**What this task involves**:
Pictures are to be left out, and only the lines below starting at the one with "Poster a scientist working in laboratory." and ending at the one with "Mango Overshirt Black In Black" are to be reproduced, each exactly, both ends included.

**Listed entries**:
= Beginning of Section =
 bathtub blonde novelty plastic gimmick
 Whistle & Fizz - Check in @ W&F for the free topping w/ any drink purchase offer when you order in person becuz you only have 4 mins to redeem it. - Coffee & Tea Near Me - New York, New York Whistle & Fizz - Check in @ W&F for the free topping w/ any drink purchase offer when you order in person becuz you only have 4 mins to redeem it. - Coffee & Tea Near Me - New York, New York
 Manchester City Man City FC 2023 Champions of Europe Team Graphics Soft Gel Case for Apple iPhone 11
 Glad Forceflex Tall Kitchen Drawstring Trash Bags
= End of Section =
= Beginning of Section =
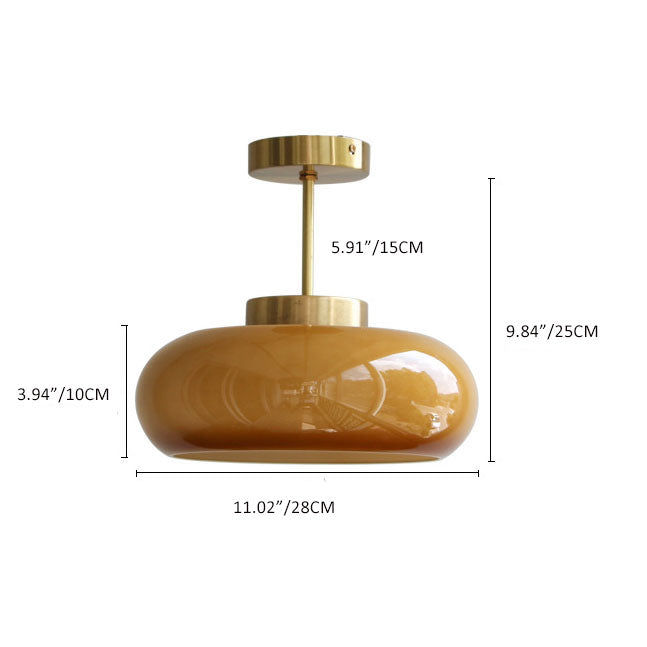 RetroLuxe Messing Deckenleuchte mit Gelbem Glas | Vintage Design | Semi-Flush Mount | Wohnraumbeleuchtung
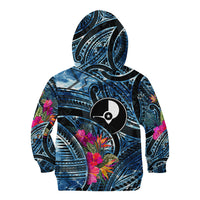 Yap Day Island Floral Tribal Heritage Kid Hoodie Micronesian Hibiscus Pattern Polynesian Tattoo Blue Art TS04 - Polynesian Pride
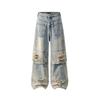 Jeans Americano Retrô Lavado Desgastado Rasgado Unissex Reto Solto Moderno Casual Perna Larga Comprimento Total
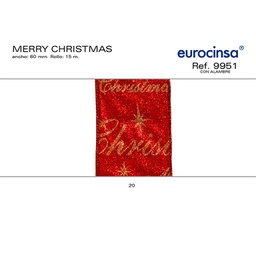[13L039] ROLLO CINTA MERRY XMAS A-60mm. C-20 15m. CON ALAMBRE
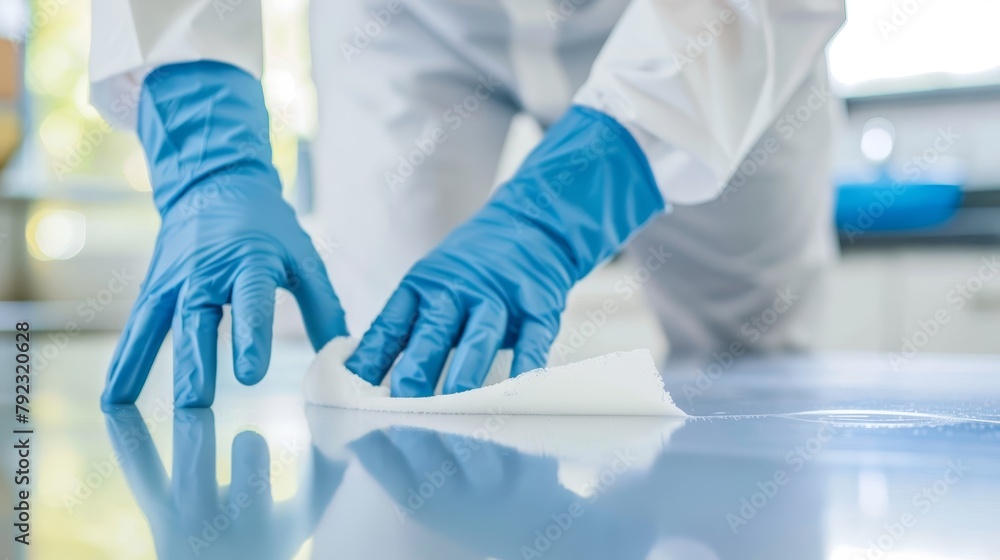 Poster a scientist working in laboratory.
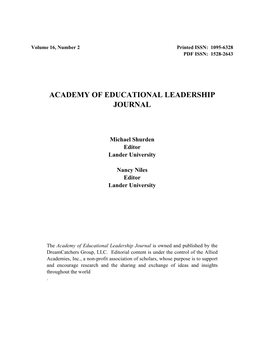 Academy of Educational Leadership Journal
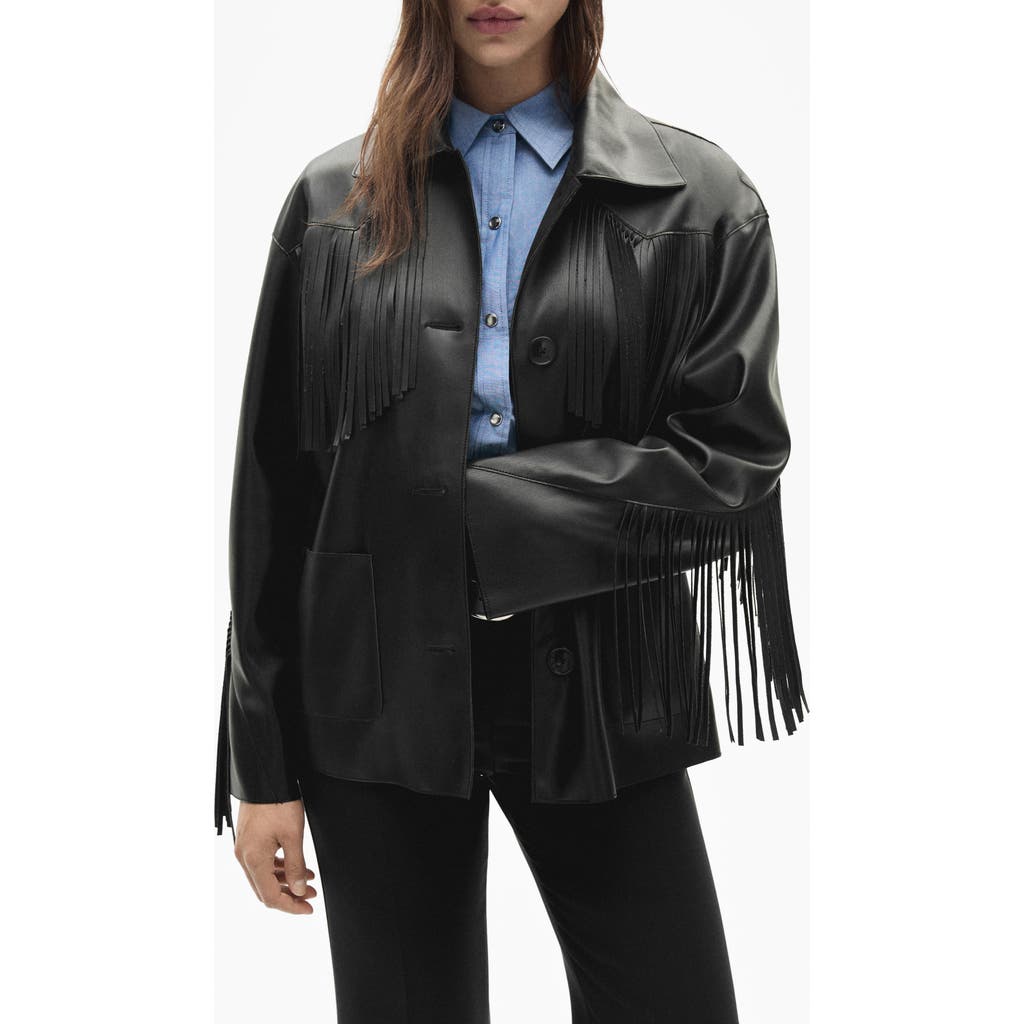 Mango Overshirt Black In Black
= End of Section =
= Beginning of Section =
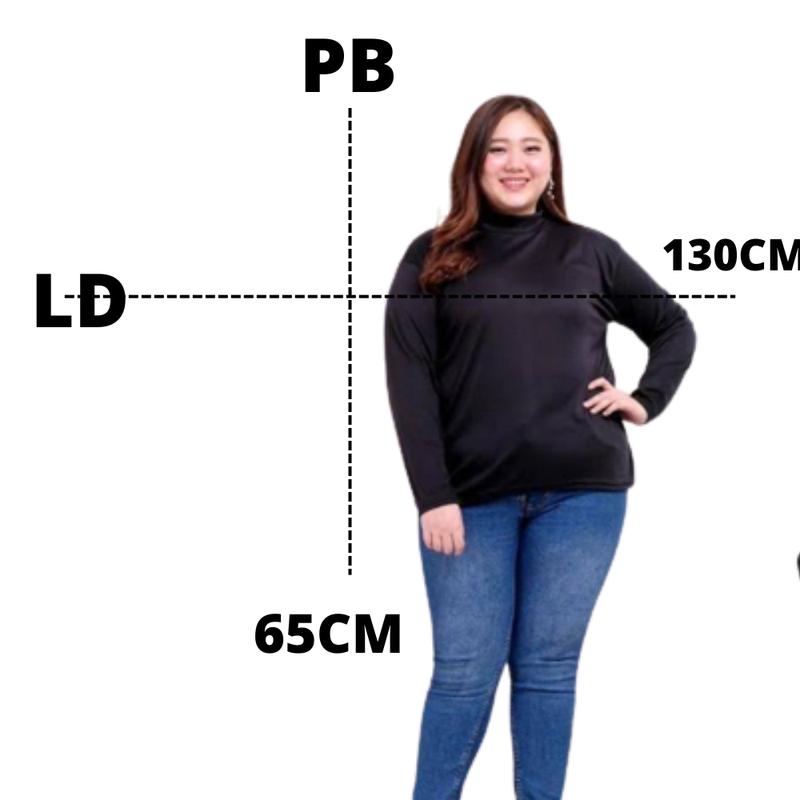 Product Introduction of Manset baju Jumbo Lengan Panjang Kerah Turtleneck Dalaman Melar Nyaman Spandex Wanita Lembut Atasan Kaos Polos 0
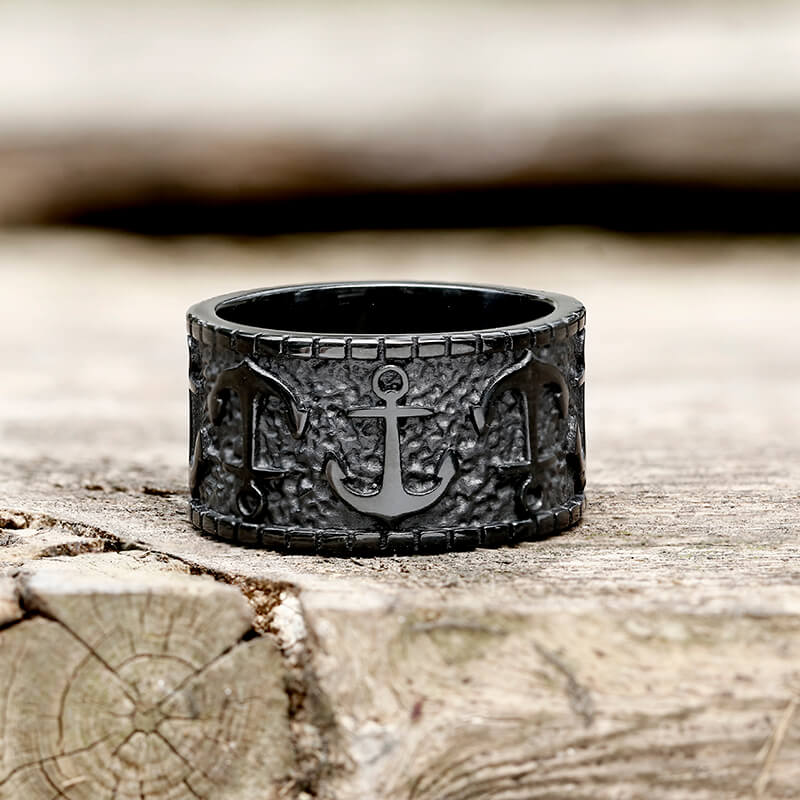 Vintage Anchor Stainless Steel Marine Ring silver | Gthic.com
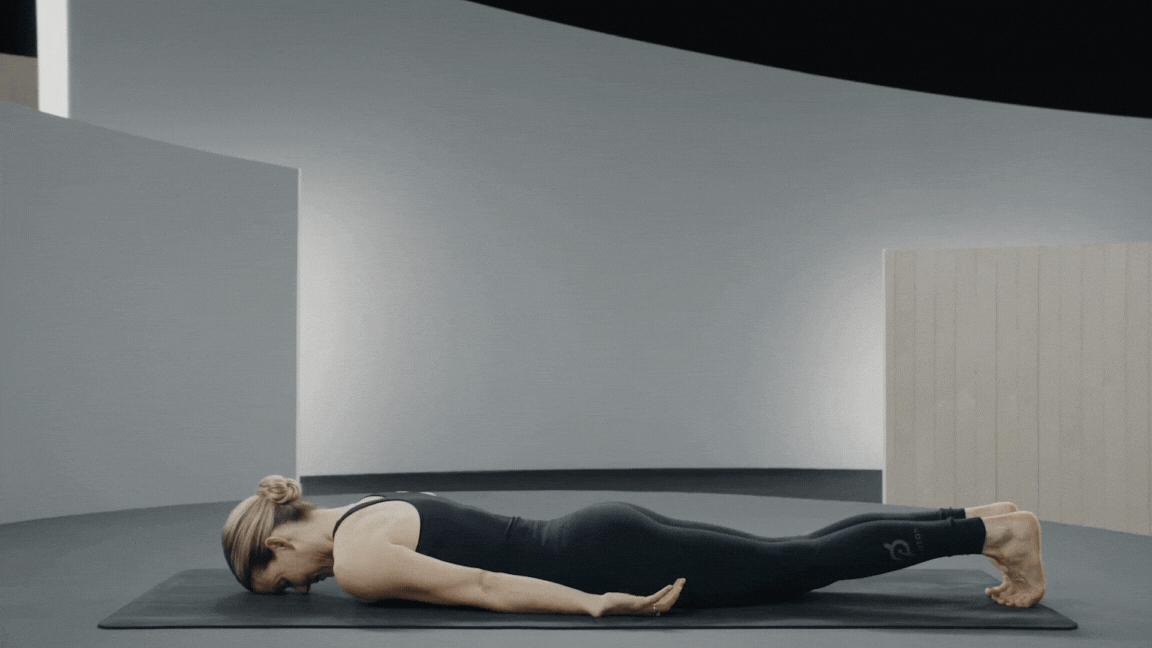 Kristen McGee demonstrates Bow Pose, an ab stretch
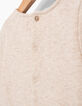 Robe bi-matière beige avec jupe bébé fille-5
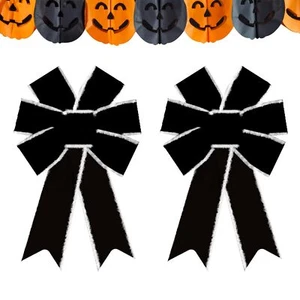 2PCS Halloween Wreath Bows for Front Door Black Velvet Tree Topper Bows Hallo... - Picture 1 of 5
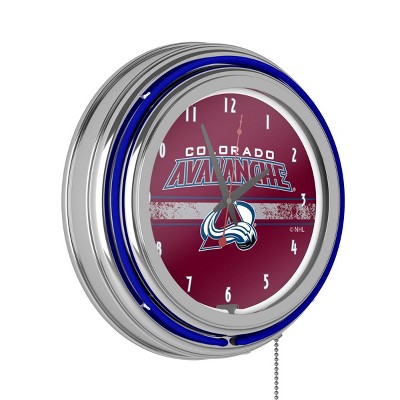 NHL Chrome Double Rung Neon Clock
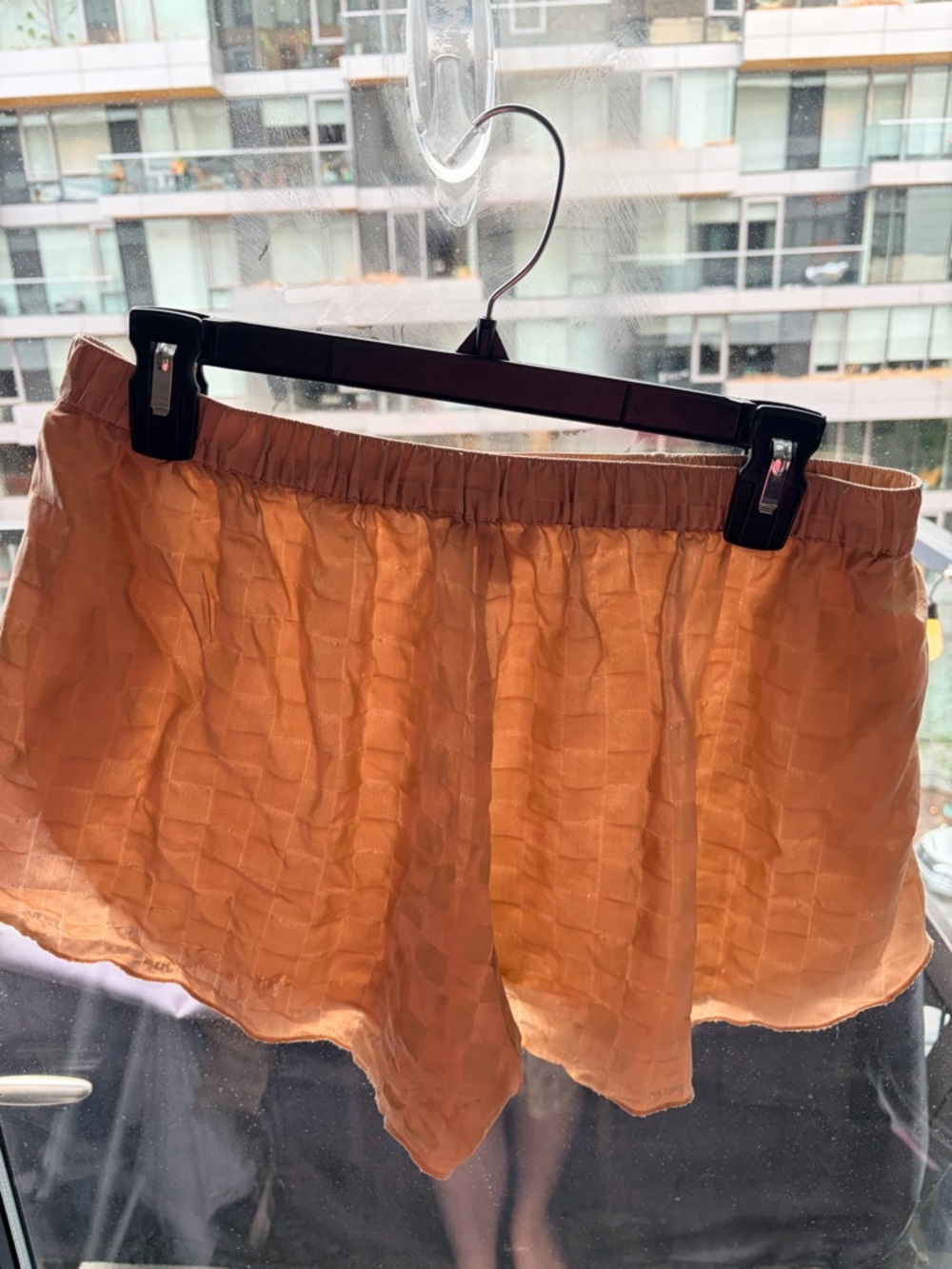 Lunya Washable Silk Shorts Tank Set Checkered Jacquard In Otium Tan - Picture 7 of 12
= End of Section =
**Reply to the task**:
 Poster a scientist working in laboratory.
 Academy of Educational Leadership Journal
 Mango Overshirt Black In Black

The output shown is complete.